Abasto: Dienstag 14:00Uhr Class im Nuevo Chique mit Olando und Paula. Wir kennen sie zwar nicht, werden aber von einem sehr sympathischen (Tanz-)Paar empfangen, er ist ca. 15 Jahre älter als sie. Wir lernen viel in entspannter Atmosphäre. Abends treffen wir unsere Tanzlehrer aus Sardinien im Salon Canning (Stadtteil Palermo Soho) zu einer Veranstaltung im Gedenken an den 2010 verstorbenen Tanguero Tete Rusconi. Analia hat mit ihm getanzt – und erzählt begeistert von einem lieben Menschen. Die Milonga beginnt um 23:00Uhr, um 24:00Uhr füllt sich der Saal, um 2:00Uhr wollen wir gehen, aber die Diashow und Tanzvorführungen beginnen erst. Alt trifft jung, Tanzstile treffen aufeinander, es ist ein Raum voller Leben.

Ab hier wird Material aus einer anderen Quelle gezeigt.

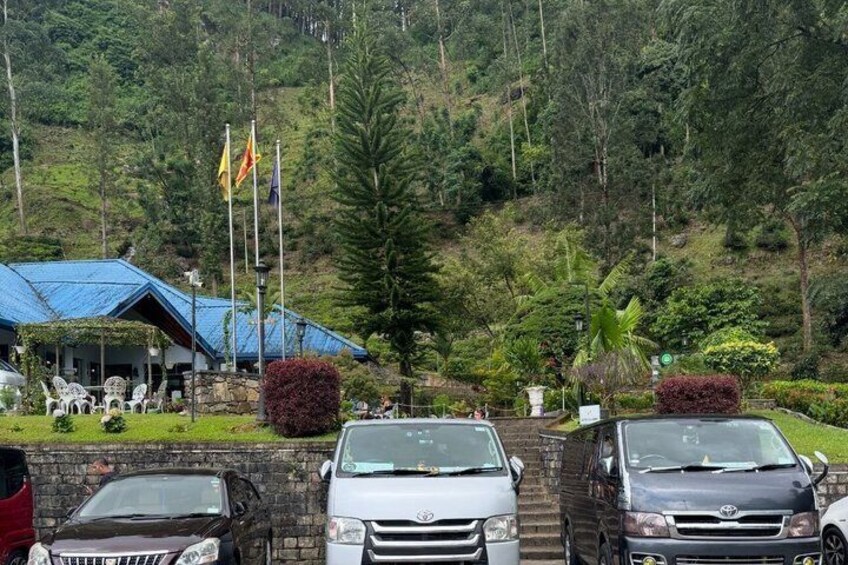 A parking area with cars, a building with a blue roof, and flags. 2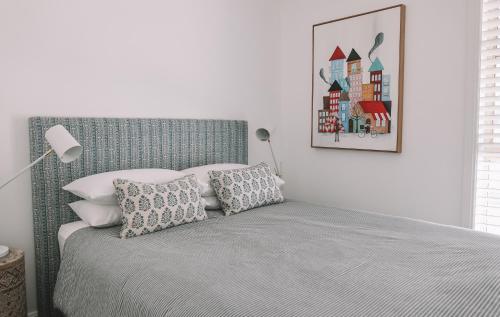 a bedroom with a bed and a picture on the wall at Sunny Corner Holiday Home in Crescent Head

Abasto: Canelo Tango Estudio. Dort ist Roman so richtig zum Tanzen gekommen: 7 Frauen und 2 Männer nahmen am Unterricht teil. Wir lernten „basic stuff“, also Anfängerschritte, was immer wieder sehr gut und wichtig ist. Wie Hühner auf der Leiter standen wir Frauen (zwischen 45 und 75 Jahren) dort, während wir nacheinander aufgefordert wurden… dieser Unterricht hat Spass gemacht, aber noch besser war Freitag, in Montserrat. Dort hatten wir unsere erste Tanzstunde mit Analia und Marcello, den Lehrern aus Sardinien. Erneut: zurück zum Start – obwohl wir die „Medaille-der-nicht-mehr-Anfänger“ verliehen bekamen. Körperhaltung, Entspannung und Spannkraft, Schrittgrösse, Trittsicherheit, …. Wir haben alles „neu lernen“ müssen. Zunächst kam das Gefühl der Unfähigkeit auf; nachdem Marcello mich – und Analia Roman – eine Stunde „weichgeknetet“ hat (gehen, gehen, gehen, locker, kräftiger Schritt, gehen, gehen, gehen, entspannen …..), hatten wir ein völlig neues Tanzgefühl. Wir werden wohl zwei weitere Unterrichtsstunden nehmen, auch wenn der Preis fast identisch ist mit dem in der Schweiz. Dafür haben wir in der Wartezeit vorher (nein, wir waren nicht zu früh, haben uns nur noch nicht an Argentinien gewöhnt; die Unterrichtsstunde fing 30min verspätet an …. ganz normal) das alte Gebäude mit den vielen kleinen Unterrichtsräumen erkunden dürfen. Ehemals in italienischem Besitz ist der Eigentümer vor einem Monat verstorben und nun wird es (hoffentlich) restauriert. Das Flair in den einzelnen Zimmern, verwinkelten Fluren im Treppenhaus, dem WC, der Küche … überall spürt man die Essenz alter Tango-Grössen.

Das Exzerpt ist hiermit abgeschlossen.